Sunday, April 24, 2016

Rewriting from scratch, should you do it?

One thing that has bothered me for a while is that the unzip command line tool only decompresses one file at a time. As a weekend project I wanted to see if I could make it work in parallel. One could write this functionality from scratch but this gave me a possibility to try really look into incremental development.

All developers love writing stuff from scratch rather than fixing and existing solutions (yes, guilty as charged). However the accepted wisdom is that you should never do a from scratch rewrite but instead improve what you have via incremental improvements. Thus I downloaded the sources of Info-Zip and got to work.

Info-Zip's code base is quite peculiar. It predates things such as ANSI C and has support for tons of crazy long dead hardware. MS-DOS ranks among the most recently added platforms. There is a lot of code for 16 bit processors, near and far pointers and all that fun stuff your grandad used to complain about. There are even completely bizarre things such as this snippet:

#ifndef const
#  define const const

The code base contains roughly 80 000 lines of K&R C. This should prove an interesting challenge.
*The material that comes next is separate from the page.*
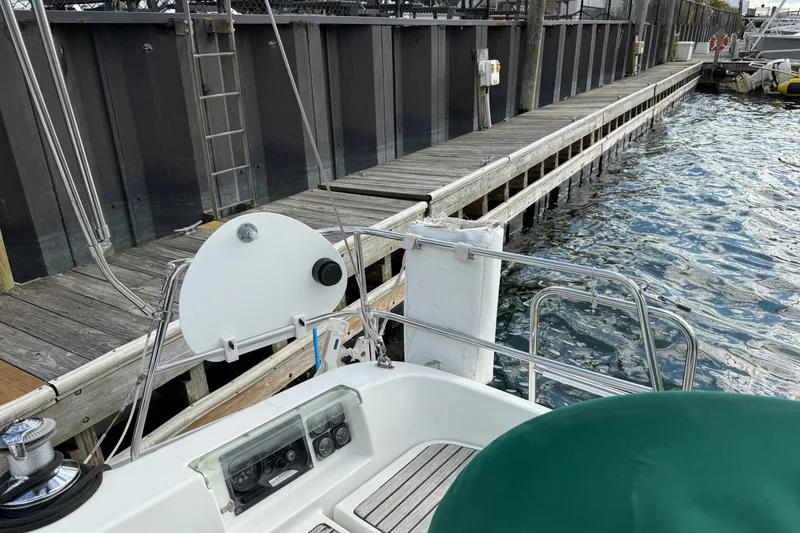 Slide: The Image of Beneteau 361 sailboat docked at marina, showcasing helm and deck details, year 2000 model. - 25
Those wanting to play along can get the code from Github.

Compiling the code turned out to be quite simple. There is no configure script or the like, everything is #ifdeffed inside the source files. You just compile them into an app and then you have a working exe. The downside is that the source has more preprocessor code than actual code (only a slight exaggaration).

Originally the code used a single (huge) global struct that houses everything. At some point the developers needed to make the code reentrant. Usually this means changing every function to take the global state struct as a function argument instead. These people chose not to do this. Instead they created a C preprocessor macro system that can be used to pass the struct as an argument but also compile the code so it has the old style global struct. I have no idea why they did that. The only explanation that makes any sort of sense is that adding the pointer to stack on every function call is too expensive on 16 bit and smaller platforms. This is just speculation, though, but if anyone knows for sure please let me know.

This meant that every single function definition was a weird concoction of preprocessor macros and K&R syntax. For details see this commit that eventually killed it.

Getting rid of all the cruft was not particularly difficult, only tedious. The original developers were very pedantic about flagging their #if/#endif pairs so killing dead code was straightforward. The downside was that what remained after that was awful. The code had more asterisks than letters. A typical function was hundreds of lines long. Some preprocessor symbols were defined in opposite ways in different header files but things worked because some other preprocessor clauses kept all but one from being evaluated (the code confused Eclipse's syntax highlighter so it's really hard to see what was really happening).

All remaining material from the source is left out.